This study presents an automated algorithm for Raman spectra baseline correction, effectively addressing fluorescence-induced drift in biological samples. The novel method offers superior accuracy and speed compared to existing techniques.
Area of Science:
- Spectroscopy
- Data Analysis
- Biophysics
Background:
- Baseline drift is a significant challenge in Raman spectroscopy, particularly for biological samples.
- Fluorescence from samples is the primary cause of baseline drift, impacting spectral analysis.
- Accurate baseline correction is crucial for reliable qualitative and quantitative analysis.
Purpose of the Study:
- To develop an adaptive and fully automated algorithm for baseline estimation in Raman spectra.
- To address the limitations of existing methods in handling diverse baseline shapes and amplitudes.

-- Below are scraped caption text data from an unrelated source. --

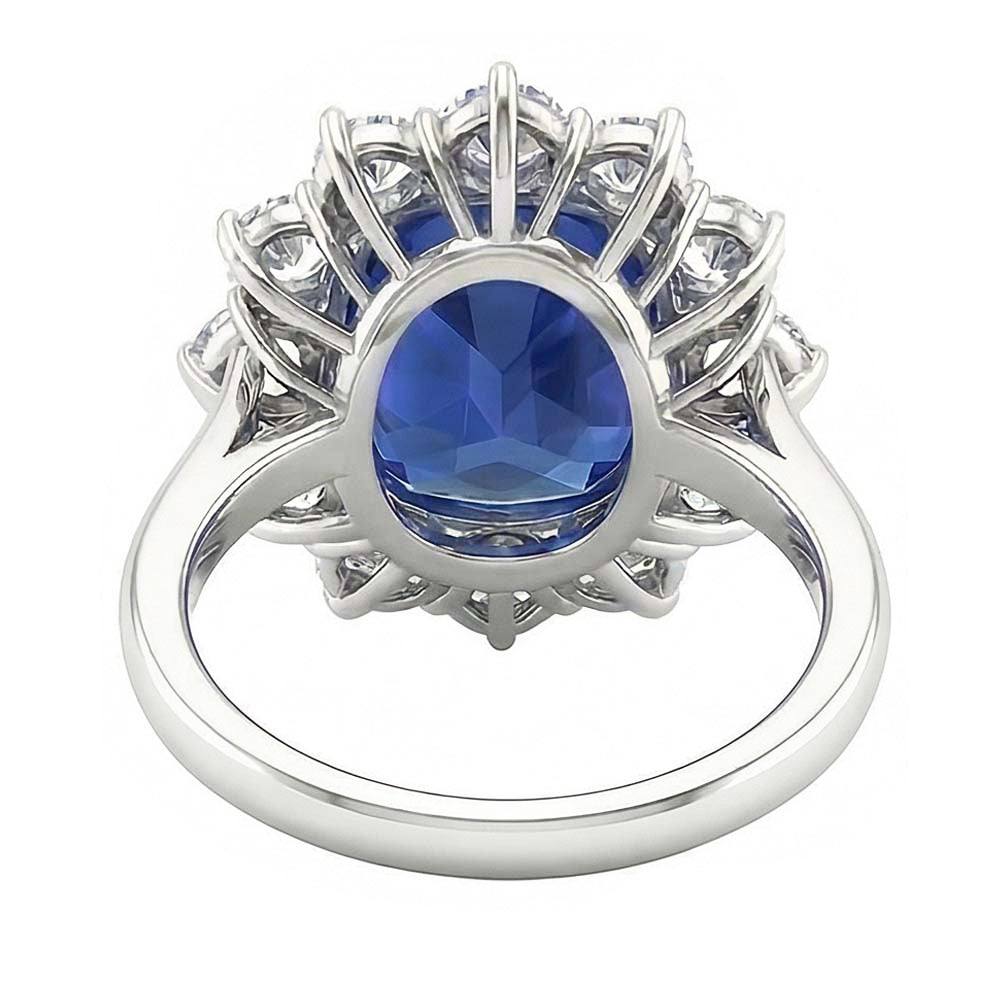 Halo Wedding Ring Cushion Blue Sapphire 6 Carats Flower Style Natural Earth Mined Diamonds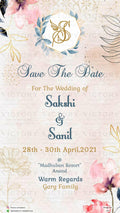 Save the Date card in english language with couple logo as floral theme design 310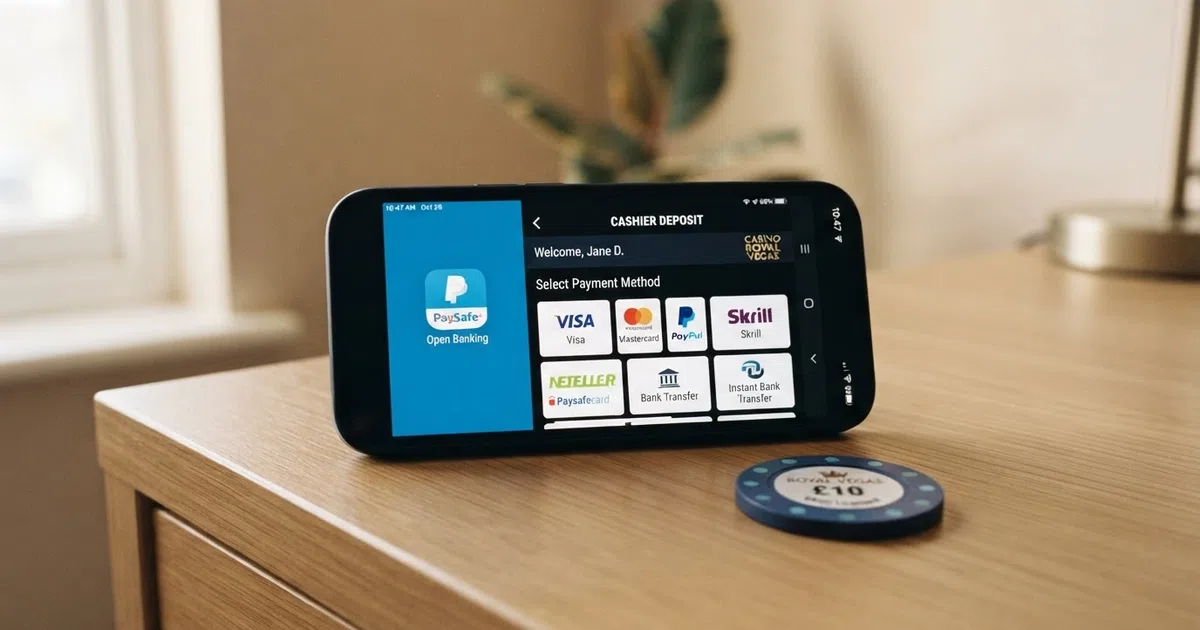 A smartphone screen displaying the Klarna app logo beside a UK online casino cashier page with deposit method icons visible, on a clean desk surface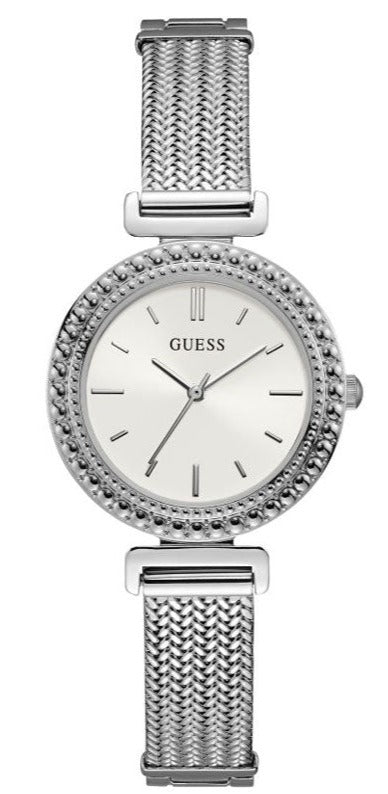  Shop Authentic Guess Quartz Silver Dial Silver Mesh Bracelet Watch For Women - W1152L1 - Luxxuri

- To improve the accuracy, adaptivity, and computational speed of baseline correction techniques.
Main Methods:
- An iterative algorithm employing morphological opening and closing operations for baseline estimation.
- Testing the algorithm on both simulated and experimental Raman spectra.

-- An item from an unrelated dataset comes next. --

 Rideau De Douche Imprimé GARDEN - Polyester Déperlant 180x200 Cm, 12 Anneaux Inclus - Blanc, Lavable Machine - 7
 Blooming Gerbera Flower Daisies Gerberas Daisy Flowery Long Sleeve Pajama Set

- Comparison with morphology-based and penalized least squares-based methods.
Main Results:
- The proposed method demonstrates superior performance compared to existing algorithms.

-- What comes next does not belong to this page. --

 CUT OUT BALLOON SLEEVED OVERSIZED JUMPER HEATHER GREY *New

- Achieved advantages in accuracy, adaptivity to different baseline types, and computing speed.
- Validated effectiveness on diverse spectral data.
Conclusions:
- The developed algorithm provides an effective solution for baseline drift in Raman spectroscopy.
- The method's adaptability makes it suitable for various spectroscopic and one-dimensional data.
- Offers a significant advancement for accurate spectral data analysis.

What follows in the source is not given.